It's not about you
Regarding women "baiting" men ("Mr. Wrong," Letters, 12/9/11): Young women in particular follow fashion fads so as not to be thought unstylish or prudish by their peers, mainly other young women. Perk up your ears, guys. Women's clothing is not about you. Short skirts, low necklines and bare midriffs are not invitations to have sex with you. If a woman's interested in you, she'll let you know. Until then, keep your hands off, don't crowd our physical space, and don't comment on our looks or push for sex or attention.
You give yourselves away when you say U.S. women are "permitted to flaunt their sexuality with seductive clothing as well as sexually suggestive behaviors" (perhaps by smiling, sharing a seat with you on a crowded bus, or not keeping our knees clamped tightly together at all times?). You share the attitude of men in repressive countries, where men dictate what women are permitted to wear so as not to tempt poor helpless males to commit rape.
We would like to discourage Mr. Rathmann and Mr. Glickman from believing (and acting on) their fantasies. Women dress for many reasons - to attract a man, or to attract a woman, or to annoy parents, or because nothing else in the closet is clean. Predicating your behavior on your assumptions (fantasies of another's intent as "revealed" by their clothes or actions) can set you up to hurt yourself as you hurt another. Easily throwing around phrases like "flaunting their sexuality" and "sexually suggestive behaviors" should be a dangerous self-warning. If two people both want sex with one another, that desire can melt steel. If only one wants sex, having deluded himself that his desire is shared, the result can be disastrous, as sex turns to sexual assault.

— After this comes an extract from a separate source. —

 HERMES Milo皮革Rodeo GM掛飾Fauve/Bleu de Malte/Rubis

The process you describe, by which "men are condemned if they respond to these baitings by women, unless the response is by that particular man the woman is fishing for," is a result of women taking agency over their bodies and their sexual expression, which is fully their right. It's a sea change that is long overdue.

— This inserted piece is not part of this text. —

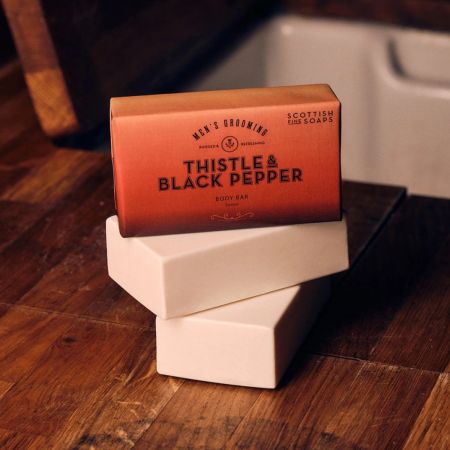 Sapun solid Thistle & Pepper, 220 g, Scottish Fine Soaps 757197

Stephen Montagna, Joseph Weinberg, Men Stopping Rape
The down escalator
Larry Kaufmann ("The Occupy Movement Has It Wrong," 12/16/11) would have us believe that all is well with economic mobility in the U.S., citing analyses from the Pew Economic Mobility Project. However, to actually quote from Pew's findings on absolute economic mobility for men in the U.S.: "There has been no progress at all for the youngest generation. As a group, they have on average 12% less income than their fathers' generation at the same age. This suggests the up-escalator that has historically ensured that each generation would do better than the last may not be working very well." Moreover, "the main reason that family incomes have risen is that more women have gone to work, buttressing the incomes of men by adding a second earner to the family. And, as with male income, the trend is downward."
In addition, the analysis that Kaufmann cites utilizes data from 1968 to 2006. Studies from the Federal Reserve Banks of Chicago and Boston show a decline in economic mobility coinciding with the "Reagan Revolution." From the Federal Reserve Bank of Chicago analysis: "We find that mobility increased from 1950 to 1980 but has declined sharply since 1980." Inclusion of data from the earlier period inflates the mobility statistics Kaufmann provides.
Larry Kaufmann cites data from the Pew project up to 2006, completely ignoring that it was one year before the economic meltdown fully hit and people began to realize the emperor was indeed wearing no clothes. The key findings of the project suggest that, while middle-class adults remain somewhat optimistic about the future, the elements that they have identified as the foundations for promoting general upward mobility (jobs, housing, education, health care) have been eroded in recent years for the average American family, and government should be doing more to support them.
Consulting Kaufmann's source, the Pew Charitable Trust website, under "Mobility Project" we read headlines "about why the U.S. ranked worst for economic mobility among other countries" and "the difficulties that members of the middle class have moving up (or even keeping their current position) the economic ladder."
One way to square Kaufmann's rosy circle that mobility "is the key measure for assessing whether economic welfare is improving" is to note that the data begin with those who were children in 1968. How would the data look if they began with those who were children in 1978, 1988 or 1998?
Kaufmann reduces the Occupy movement to concerns about income distribution and mobility. But the movement is better understood as being concerned with wresting our democracy from corporate and moneyed interests, slowing the degradation of Mother Earth, curtailing U.S. militarism, and building anew a world of justice and equity.